A lot can happen in a year. But when it comes to serial entrepreneur Elon Musk, a lot can happen in just a few hours. After Musk mounted his grand plan of acquiring the microblogging site Twitter for $44 billion, all hell broke loose on the platform… and outside it. From firing over thousands of employees to reinstatement of former US President Donald Trump’s account, who was banned from Twitter following the January 6, 2021 Capitol riots, and the endless number of fake accounts, it has been nothing short of chaos since Musk’s Twitter takeover.
From 2017, when a user asked Musk to buy Twitter, prompting a curious response of “How much is it?,” to the recent six month battle for the platform which involved a poison pill, lawsuits and finally the takeover, Musk and Twitter have treaded a long, arduous path.

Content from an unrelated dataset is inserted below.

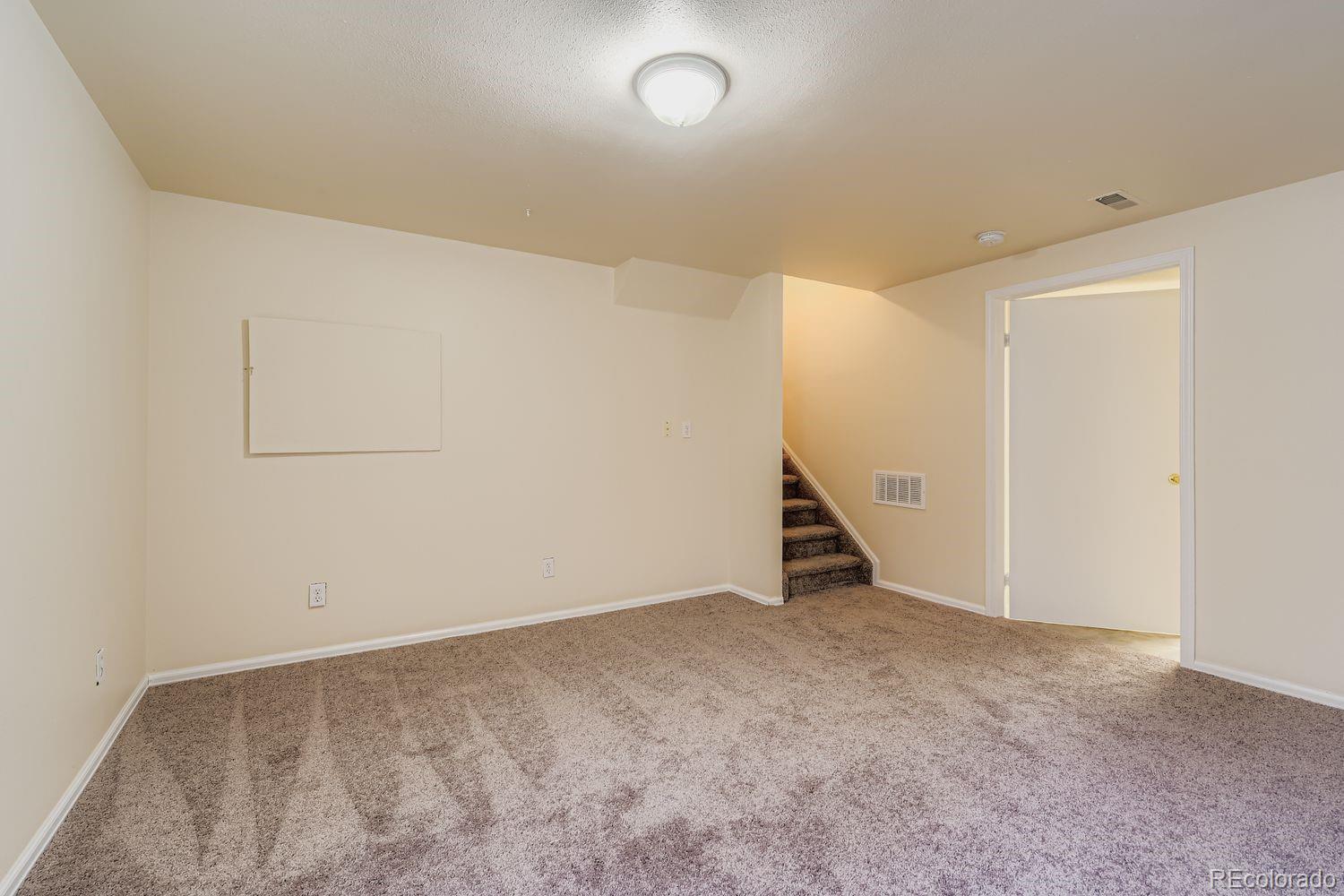 10505 Hyacinth Place Highlands Ranch, CO 80129 - Photo 27 of 40 a view of an empty room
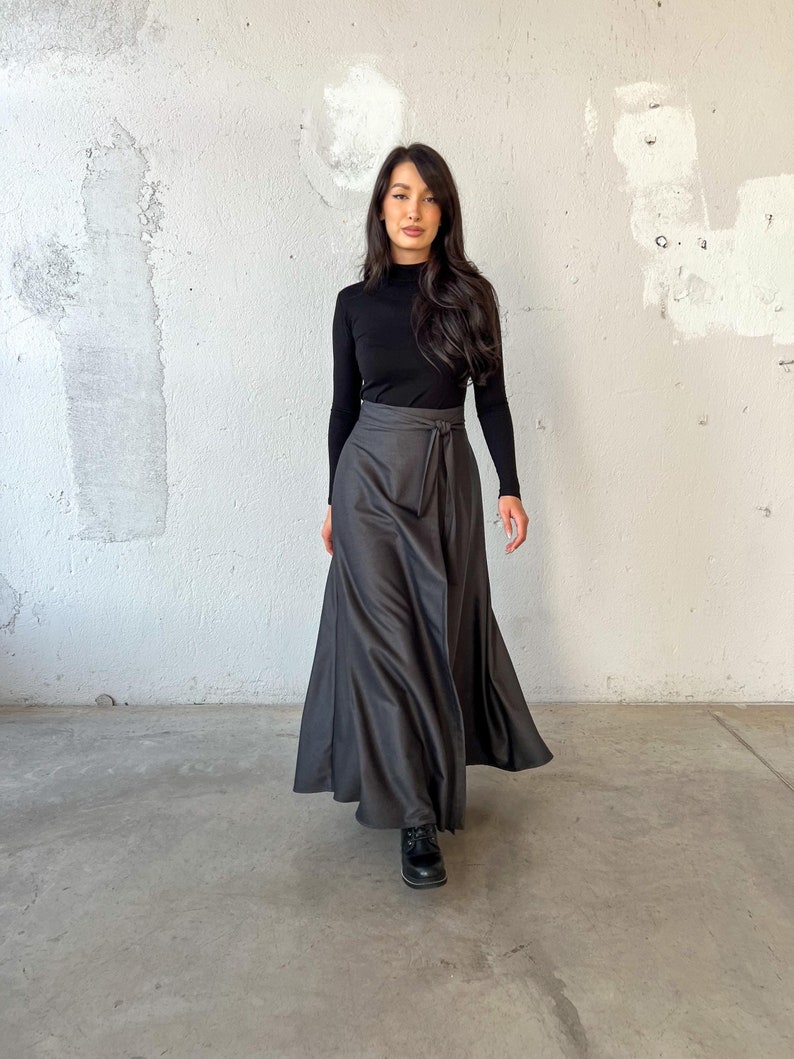 Long wool wrap skirt made from super soft fabric, featuring side pockets and an elegant, flowing design.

Here’s a deep dive into one of the most defining moments of 2022 and its aftermath:
It can now be safely said that the number of workers quitting has been in direct proportion to Musk entering the Twitter headquarters. As the ‘Chief Twit,’ according to his then Twitter bio, made a splash with his arrival accompanied by a porcelain sink, speculations arose about his plans to cut staff by 75% after the takeover. According to a report, at least a 60% rise was reported in the number of employees that left Twitter in the third quarter, many of whom were hired by Meta and Google.
As soon as he took charge of Twitter on October 28, Musk fired CEO Parag Agarwal, Chief Financial Officer Ned Segal and Chief Legal Counsel Vijaya Gadde, whom he accused of misleading him about the number of fake accounts on the platform. He also fired the entire Twitter board, making himself the sole director of the social media platform and announcing that the “bird is freed.”
Outrage over $8
On October 30, Musk revealed plans to redesign the company’s subscription service known as Twitter Blue and revamp the verification system by charging users for the blue tick. This invited indignant responses from furious Twitterati, including bestselling author Stephen King, who tweeted, “$20 a month to keep my blue check? F*** that, they should pay me. If that gets instituted, I’m gone like Enron.” Replying to this, Musk confirmed his subscription plans, albeit at a reduced price of $8 per month.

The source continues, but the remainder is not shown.